Question

How do you balance $\mathbf{N}{{\mathbf{a}}_{\mathbf{2}}}\mathbf{S}{{\mathbf{O}}_{\mathbf{4}}}+\mathbf{Ca(NO}{{ }_{\mathbf{3}}}{{\mathbf{)}}_{\mathbf{2}}}\to \mathbf{CaS}{{\mathbf{O}}_{\mathbf{4}}}+\mathbf{NaN}{{\mathbf{O}}_{\mathbf{3}}}$?

Answer 1

Hint: Balancing chemical equations involves the addition of stoichiometric coefficients to the reactants and products. This is important because a chemical equation must obey the law of conservation of mass and the law of constant proportions, i.e., the same number of atoms of each element must exist on the reactant side and the product side of the equation there are two methods of balancing one is traditional method one is algebraic method.
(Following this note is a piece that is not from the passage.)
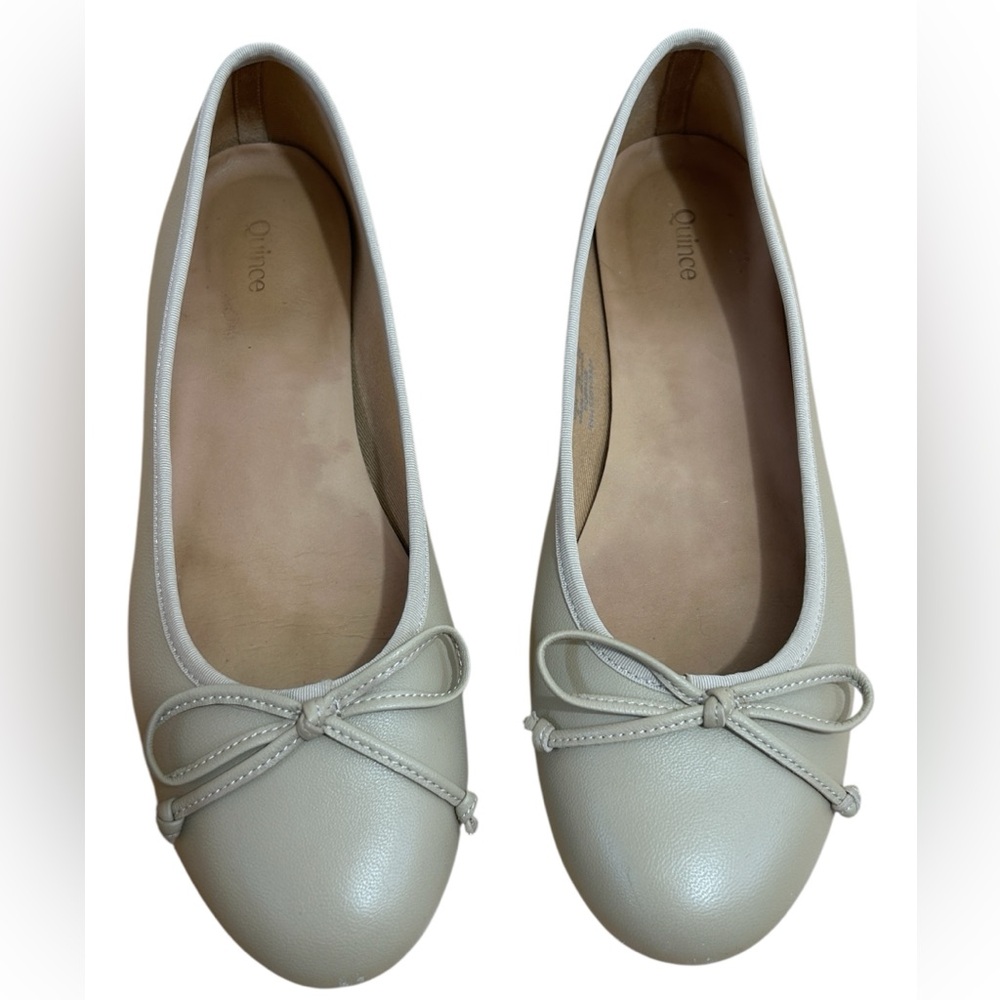 Quince Cream Ballet Flats with Bow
Complete step by step answer:
$\text{N}{{\text{a}}_{\text{2}}}\text{S}{{\text{O}}_{\text{4}}}+\text{Ca(NO}{{ }_{\text{3}}}{{\text{)}}_{\text{2}}}\to \text{CaS}{{\text{O}}_{\text{4}}}+\text{NaN}{{\text{O}}_{\text{3}}}$
By looking at the above reaction we can say that it is a precipitation reaction where insoluble precipitate form as a product.
When balancing a reaction look at the pons, rather than atoms.
We know that
$\text{N}{{\text{a}}_{2}}\text{S}{{\text{O}}_{\text{4}}}\to 2\text{N}{{\text{a}}^{+}}+\text{SO}_{4}^{2-}$
$\text{Ca(N}{{\text{O}}_{3}}{{\text{)}}_{2}}\to \text{C}{{\text{a}}^{2+}}+2\text{NO}_{3}^{-}$
They react and give $\text{CaS}{{\text{O}}_{4}}$ as precipitate and $\text{NaN}{{\text{O}}_{3}}$ as ionic compound.
$\text{NaN}{{\text{O}}_{3}}-\text{N}{{\text{a}}^{+}}+\text{NO}_{3}^{-}$
Now for balancing ions on the reactant side must be equal to the product side.
Here we can see that one calcium ion and one sulphate ion group form $\text{CaS}{{\text{O}}_{4}}$. So no need to balance this.
On other hand $2$ sodium ion on the reactant side and $1$ sodium ion on the product side.
Likewise 2 nitrate ions on the reactant side and $1$ nitrate ions on the product side.
We need to multiply sodium Nitrate by 2 to balance these ions.
So, the complete balanced equation will be
$\text{N}{{\text{a}}_{\text{2}}}\text{S}{{\text{O}}_{\text{4}}}+\text{Ca(NO}{{
}_{\text{3}}}{{\text{)}}_{\text{2}}}\to \text{CaS}{{\text{O}}_{\text{4}}}+2\text{NaN}{{\text{O}}_{\text{3}}}$
Balanced.

Note: In precipitation reactions two soluble ionic compounds to give insoluble precipitates.
In balancing addition of stoichiometric coefficients—describes the total number of molecules of a chemical species that participate in molecules of a chemical species that participate in a chemical reaction. It provides ratios between the reacting species and the product formed in the reaction.